Re: [PATCH] sched/ext: Suppress warning in __this_cpu_write() by disabling preemption

From: Peter Zijlstra
Date: Wed Jul 16 2025 - 09:33:41 EST


On Wed, Jul 16, 2025 at 03:20:33PM +0200, Andrea Righi wrote:
> On Wed, Jul 16, 2025 at 03:06:52PM +0200, Peter Zijlstra wrote:
> > On Wed, Jul 16, 2025 at 08:54:47AM -0400, Steven Rostedt wrote:
> > > On Wed, 16 Jul 2025 05:46:15 -0700
> > > Breno Leitao <leitao@xxxxxxxxxx> wrote:
> > >
> > > > __this_cpu_write() emits a warning if used with preemption enabled.
> > > >
> > > > Function update_locked_rq() might be called with preemption enabled,
> > > > which causes the following warning:
> > > >
> > > > BUG: using __this_cpu_write() in preemptible [00000000] code: scx_layered_6-9/68770
> > > >
> > > > Disable preemption around the __this_cpu_write() call in
> > > > update_locked_rq() to suppress the warning, without affecting behavior.
> > > >
> > > > If preemption triggers a jump to another CPU during the callback it's
> > > > fine, since we would track the rq state on the other CPU with its own
> > > > local variable.
> > > >
> > > > Suggested-by: Andrea Righi <arighi@xxxxxxxxxx>
> > > > Signed-off-by: Breno Leitao <leitao@xxxxxxxxxx>
> > > > Fixes: 18853ba782bef ("sched_ext: Track currently locked rq")
> > > > Acked-by: Andrea Righi <arighi@xxxxxxxxxx>
> > > > ---
> > > > kernel/sched/ext.c | 7 +++++++
> > > > 1 file changed, 7 insertions(+)
> > > >
> > > > diff --git a/kernel/sched/ext.c b/kernel/sched/ext.c
> > > > index b498d867ba210..24fcbd7331f73 100644
> > > > --- a/kernel/sched/ext.c
> > > > +++ b/kernel/sched/ext.c
> > > > @@ -1258,7 +1258,14 @@ static inline void update_locked_rq(struct rq *rq)
> > > > */
> > > > if (rq)
> > > > lockdep_assert_rq_held(rq);
> > >
> > > <blink>
> > >
> > > If an rq lock is expected to be held, there had better be no preemption
> > > enabled.

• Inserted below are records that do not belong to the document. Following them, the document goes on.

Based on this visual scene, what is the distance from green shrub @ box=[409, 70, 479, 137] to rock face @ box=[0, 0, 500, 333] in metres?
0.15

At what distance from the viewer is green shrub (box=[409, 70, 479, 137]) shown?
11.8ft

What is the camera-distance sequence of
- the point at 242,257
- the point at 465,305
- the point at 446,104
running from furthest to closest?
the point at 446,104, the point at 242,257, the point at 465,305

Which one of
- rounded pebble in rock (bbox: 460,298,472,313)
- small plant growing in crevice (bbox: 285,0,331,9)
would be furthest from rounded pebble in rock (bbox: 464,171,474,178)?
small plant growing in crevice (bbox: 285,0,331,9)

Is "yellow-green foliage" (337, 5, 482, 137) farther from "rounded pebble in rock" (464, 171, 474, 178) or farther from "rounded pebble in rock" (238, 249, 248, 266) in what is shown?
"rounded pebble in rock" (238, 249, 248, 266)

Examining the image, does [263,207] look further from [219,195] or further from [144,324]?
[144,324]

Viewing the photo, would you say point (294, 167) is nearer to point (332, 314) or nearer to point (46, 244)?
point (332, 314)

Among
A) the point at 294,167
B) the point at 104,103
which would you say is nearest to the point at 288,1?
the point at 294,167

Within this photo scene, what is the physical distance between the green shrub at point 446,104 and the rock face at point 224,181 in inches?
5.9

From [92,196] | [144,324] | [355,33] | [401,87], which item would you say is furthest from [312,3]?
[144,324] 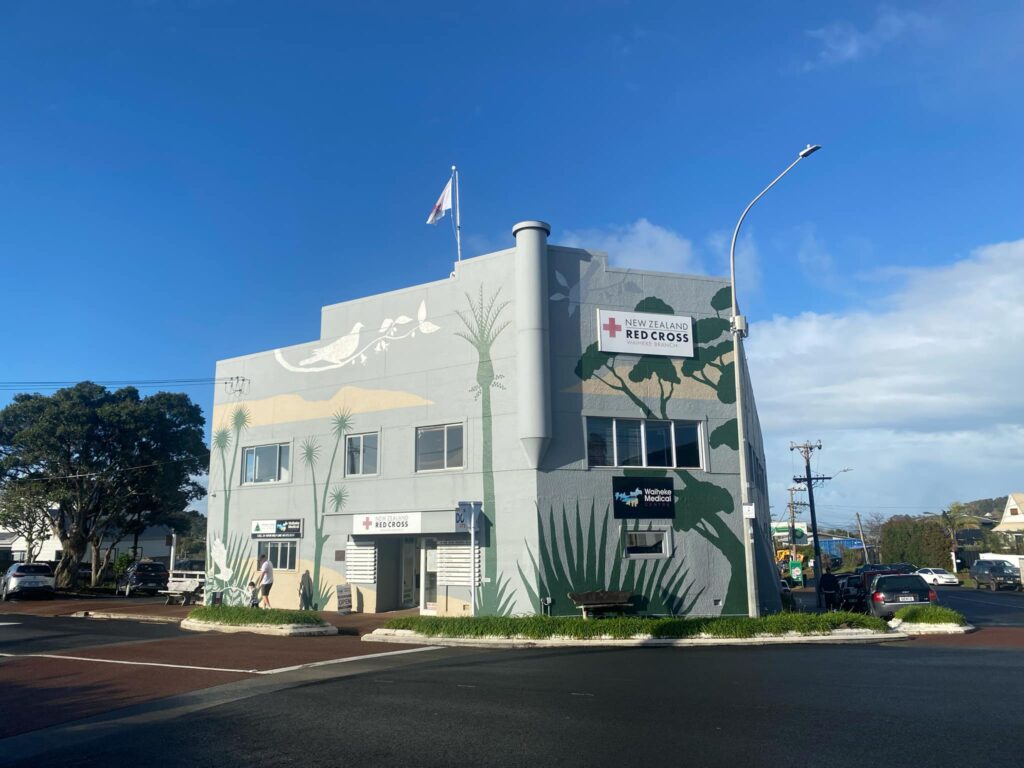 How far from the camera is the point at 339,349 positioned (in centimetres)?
2595

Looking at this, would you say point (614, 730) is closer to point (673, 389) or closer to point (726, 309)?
point (673, 389)

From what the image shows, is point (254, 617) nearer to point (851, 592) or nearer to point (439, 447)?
point (439, 447)

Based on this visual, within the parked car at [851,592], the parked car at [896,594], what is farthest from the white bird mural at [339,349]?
the parked car at [851,592]

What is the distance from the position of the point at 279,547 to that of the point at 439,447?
7.44 metres

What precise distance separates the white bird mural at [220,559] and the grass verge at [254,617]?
256 inches

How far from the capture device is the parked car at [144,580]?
39000mm

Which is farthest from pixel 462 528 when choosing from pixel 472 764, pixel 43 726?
pixel 472 764

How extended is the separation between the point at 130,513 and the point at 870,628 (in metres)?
41.5

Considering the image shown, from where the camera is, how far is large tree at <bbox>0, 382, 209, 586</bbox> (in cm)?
4206

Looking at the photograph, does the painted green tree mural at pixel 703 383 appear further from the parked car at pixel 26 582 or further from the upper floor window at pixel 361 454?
the parked car at pixel 26 582

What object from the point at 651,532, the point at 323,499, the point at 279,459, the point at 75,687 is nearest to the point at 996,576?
the point at 651,532

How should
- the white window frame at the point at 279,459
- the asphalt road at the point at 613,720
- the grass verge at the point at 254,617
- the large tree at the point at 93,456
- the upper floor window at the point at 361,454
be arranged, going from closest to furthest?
the asphalt road at the point at 613,720 → the grass verge at the point at 254,617 → the upper floor window at the point at 361,454 → the white window frame at the point at 279,459 → the large tree at the point at 93,456

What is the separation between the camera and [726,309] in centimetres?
2403

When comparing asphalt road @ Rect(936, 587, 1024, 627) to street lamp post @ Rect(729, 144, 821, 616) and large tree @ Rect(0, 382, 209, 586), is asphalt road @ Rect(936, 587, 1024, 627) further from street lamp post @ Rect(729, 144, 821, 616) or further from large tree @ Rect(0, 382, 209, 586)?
large tree @ Rect(0, 382, 209, 586) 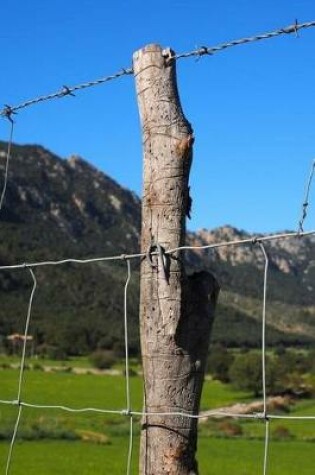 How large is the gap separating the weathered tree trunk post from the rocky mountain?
141 feet

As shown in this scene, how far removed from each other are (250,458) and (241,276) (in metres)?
72.0

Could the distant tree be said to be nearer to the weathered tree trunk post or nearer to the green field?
the green field

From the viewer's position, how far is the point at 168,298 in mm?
3096

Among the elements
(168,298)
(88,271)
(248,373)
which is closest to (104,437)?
(248,373)

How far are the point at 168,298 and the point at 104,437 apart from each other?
1419 inches

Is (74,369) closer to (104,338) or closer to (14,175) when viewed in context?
(104,338)

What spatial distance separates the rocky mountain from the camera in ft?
256

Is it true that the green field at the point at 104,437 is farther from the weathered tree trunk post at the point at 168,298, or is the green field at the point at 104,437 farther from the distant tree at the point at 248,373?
the weathered tree trunk post at the point at 168,298

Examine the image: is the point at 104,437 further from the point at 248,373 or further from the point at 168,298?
the point at 168,298

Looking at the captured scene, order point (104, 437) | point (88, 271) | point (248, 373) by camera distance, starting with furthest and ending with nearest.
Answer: point (88, 271) < point (248, 373) < point (104, 437)

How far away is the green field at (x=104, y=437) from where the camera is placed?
28859mm

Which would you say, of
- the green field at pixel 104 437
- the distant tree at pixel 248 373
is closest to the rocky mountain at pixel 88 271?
the distant tree at pixel 248 373

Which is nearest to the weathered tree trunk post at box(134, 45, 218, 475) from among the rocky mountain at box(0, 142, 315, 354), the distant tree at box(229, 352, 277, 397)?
the rocky mountain at box(0, 142, 315, 354)

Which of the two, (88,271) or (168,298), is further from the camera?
(88,271) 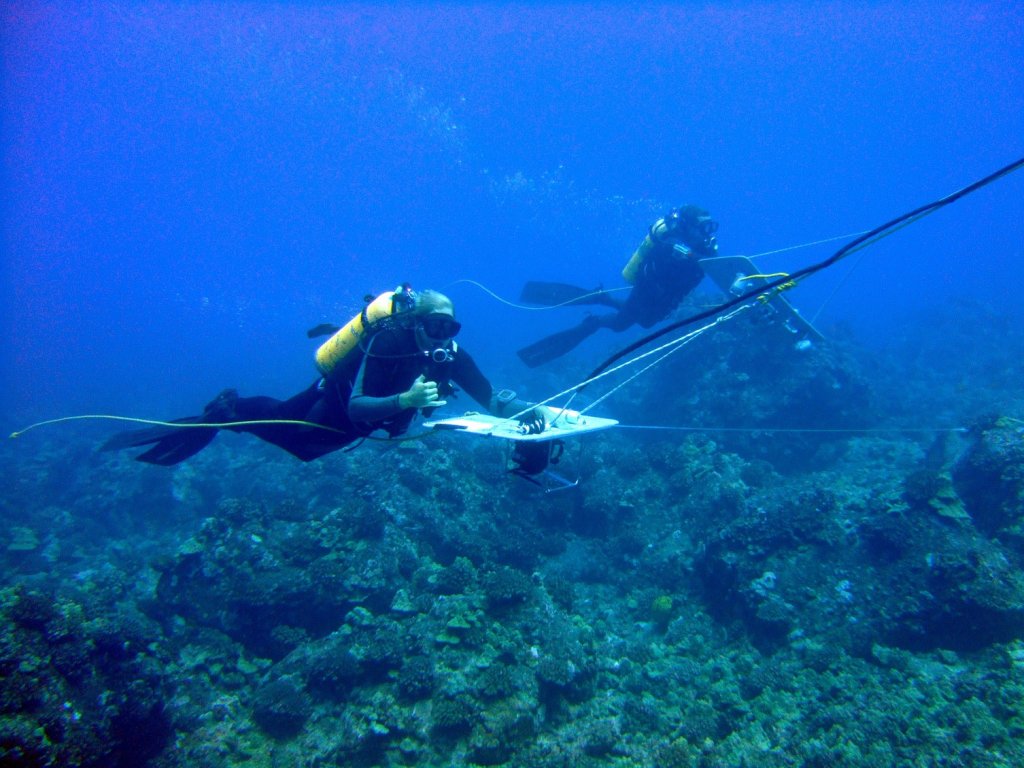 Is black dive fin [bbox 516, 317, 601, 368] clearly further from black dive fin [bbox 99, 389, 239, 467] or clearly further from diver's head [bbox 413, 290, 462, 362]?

How is this OK?
> >
> > The rq=NULL case; but from the usage I've seen that also happens with
> > rq lock held.
> >
> > Specifically I think the check ought to be:
> >
> > if (rq)
> > lockdep_assert_rq_held(rq)
> > else
> > lockdep_assert_rq_held(__this_cpu_read(locked_rq));
>
> Hm... but if the same CPU invokes two "unlocked" callbacks in a row,
> locked_rq would be NULL during the second call and we would check rq_held
> against NULL.

Current usage in SCX_CALL_OP*() seems to not generate this pattern. It
is always rq,NULL in order.

Ooh, there are a few SCX_CALL_OP*() instances where rq:=NULL, which
messes this up.

Changing them to:

if (rq)
update_locked_rq(rq);
...
if (rq)
update_locked_rq(NULL);

might help.